Lobato criou suas próprias regras ortográficas, por isso não estranhem palavras com acentuação diferente daquelas exigidas pelas normas tradicionais. Essa é uma das principais características estilísticas do contista de Taubaté.
Nas transcrições, as palavras registradas em negrito são termos que acreditamos ser pouco comuns aos leitores jovens, por isso serão explicados em notas de rodapé.
VAMOS CONDENSAR DOIS CONTOS PARA DESPERTAR O INTERESSE DE QUEM AINDA NÃO LEU ESSE LIVRO
NEGRINHA
“Negrinha era uma pobre orfã[1] de sete anos. Preta? Não; fusca, mulatinha[2] escura, de cabelos ruços e olhos assustados.
Nascera na senzala, de mãe escrava, e seus primeiros anos vivera-os pelos cantos escuros da cozinha, sobre velha esteira e trapos imundos. Sempre escondida, que a patroa não gostava de crianças.

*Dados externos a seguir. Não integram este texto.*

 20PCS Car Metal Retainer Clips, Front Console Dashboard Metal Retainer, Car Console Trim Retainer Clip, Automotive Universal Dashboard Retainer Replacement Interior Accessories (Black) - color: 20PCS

Excelente senhora[3], a patroa. Gorda, rica, dona do mundo, amimada dos padres, com lugar certo na igreja e camarote de luxo reservado no céu. Entaladas as banhas no trono (uma cadeira de balanço na sala de jantar), ali bordava, recebia as amigas e o vigario[4], dando audiencias, discutindo o tempo. Uma virtuosa senhora em suma – ‘dama de grandes virtudes apostolicas, esteio da religião e da moral’, dizia o reverendo.
Otima[5], a dona Inacia.
Mas não admitia choro de criança. Ai! Punha-lhe os nervos em carne viva. Viuva sem filhos, não a calejara o choro da carne de sua carne, e por isso não suportava o choro da carne alheia. Assim, mal vagia[6], longe na cozinha, a triste criança, gritava logo nervosa:
– Quem é a peste que está chorando ai?
Quem havia de ser? A pia de lavar pratos? O pilão? O forno? A mãe da criminosa abafava a boquinha da filha e afastava-se com ela para os fundos do quintal, torcendo-lhe em caminho beliscões de desespero.” (p.3)

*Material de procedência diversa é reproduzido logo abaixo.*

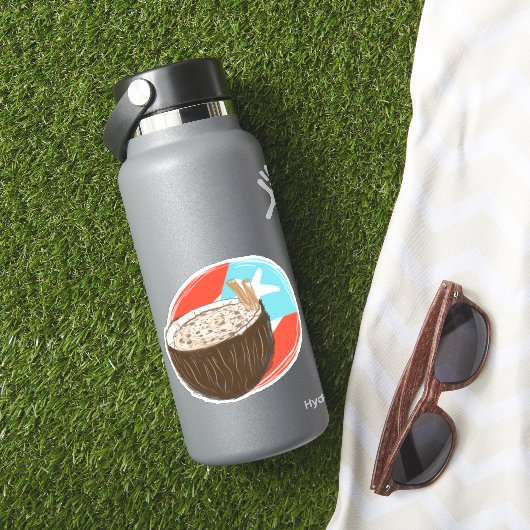 Puertorico Kokos Spaans Handgetekend Sticker (HydroFlask Insitu)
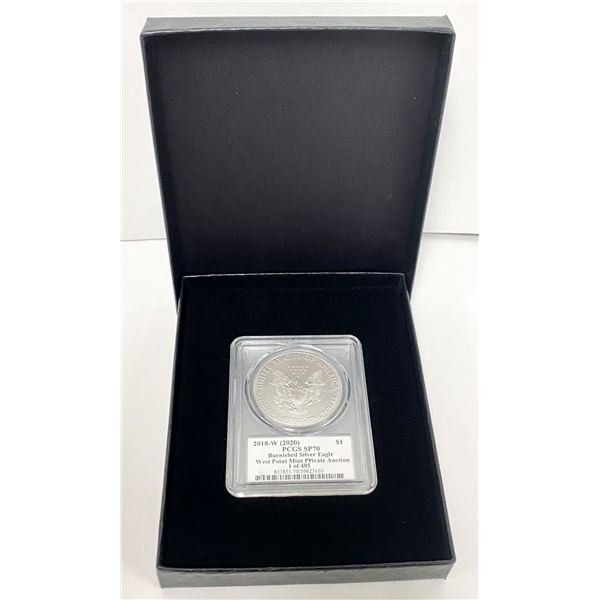 2018-W Burnished (2020 WP Mint Private Auction) American Silver Eagle PCGS SP70 Sig. By Paul C Balan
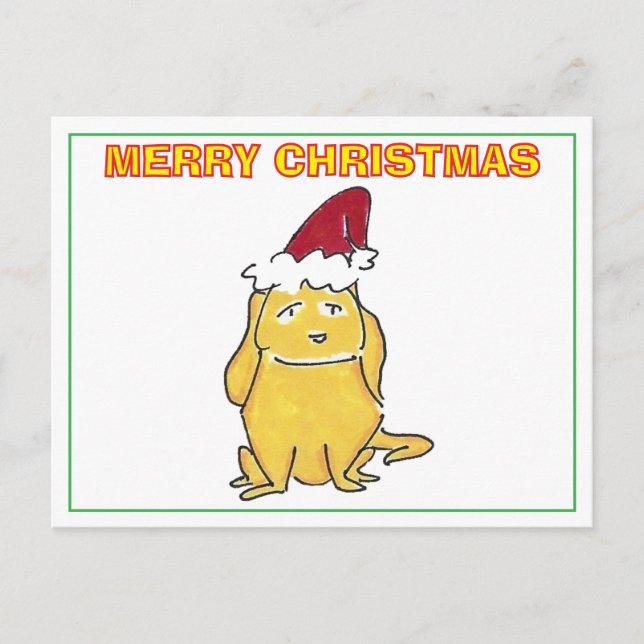 Cartes Pour Fêtes Annuelles Yellow Lab With Christmas Cap Cartoon Christmas (Devant)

O choro da menina sempre tinha uma causa, fome ou frio, mas nada disso interessava à maldosa mulher. Assim cresceu a menina, cheia de cicatrizes, marcas da atrocidade de dona Inácia, que, após a abolição da escravatura, conservara a menina só para dar alívio a seus aborrecimentos. Para aliviar o fígado, para matar a saudade dos bons tempos. Enfim, puro sadismo. Foi assim a história do ovo.

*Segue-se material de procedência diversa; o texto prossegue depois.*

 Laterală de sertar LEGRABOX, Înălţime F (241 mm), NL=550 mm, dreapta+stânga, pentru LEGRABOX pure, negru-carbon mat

A Negrinha tinha xingado uma criada nova, que reclamou com a patroa. Dona Inácia estava azeda aquele dia, precisando muito de um alívio. Foi a conta. Pediu para colocar um ovo para cozinhar e quando ele estava bem quente, pulando na fervura da água, a boa senhora mandou a pobre menina abrir a boca e enfiou-lhe o ovo.
Depois, antes que a menina pudesse dar um grito, amordaçou-lhe a boca com as duas mãos. A menina esperneou inutilmente, urrou surdo pelo nariz, mas ninguém na vizinhança ouviu. Logo depois a megera recebeu a visita do padre e reclamou:
“Ah, monsenhor! Não se pode ser boa nesta vida... Estou criando aquela pobre orfã, filha da Cesaria – mas que trabalheira me dá!” (p.6)
Num final de ano, a santa Inácia recebeu a visita de duas sobrinhas, que vieram passar as férias com ela. Negrinha, vendo os brinquedos das outras meninas, ficou maravilhada. O encanto que a pobre menina sentiu ao ver pela primeira vez uma boneca de louça foi indescritível. As outras, vendo seu êxtase, riram muito e deram-lhe a boneca para pegar.
Dona Inácia chegou e vendo a alegria das sobrinhas, pela primeira vez apiedou-se da órfã e não lhe deu um croque. Pelo contrário, mandou todas brincarem no jardim. Aquilo foi o paraíso para Negrinha. Assim, a menina deixara de ser uma “coisa” e se tornara, pela primeira vez na vida, gente. E foi essa consciência que a matou, pois após as férias, quando as meninas partiram, Negrinha entrou em profunda tristeza; adoeceu, delirou e morreu sonhando com bonecas louras e de olhos azuis. Morreu numa esteirinha velha e desgastada.
“Depois, vala comum. A terra papou com indiferença aquela carnezinha de terceira – uma miseria, trinta quilos mal pesados...
E de Negrinha ficaram no mundo apenas duas impressões. Uma comica, na memoria das meninas ricas.
– Lembras-te daquela bobinha da titia, que nunca vira boneca?
Outra da saudade, no nó dos dedos de dona Inacia.
– Como era boa para um cocre[7]!...” (p.9)
1920[8]
Foco narrativo: Terceira pessoa, narrador onisciente.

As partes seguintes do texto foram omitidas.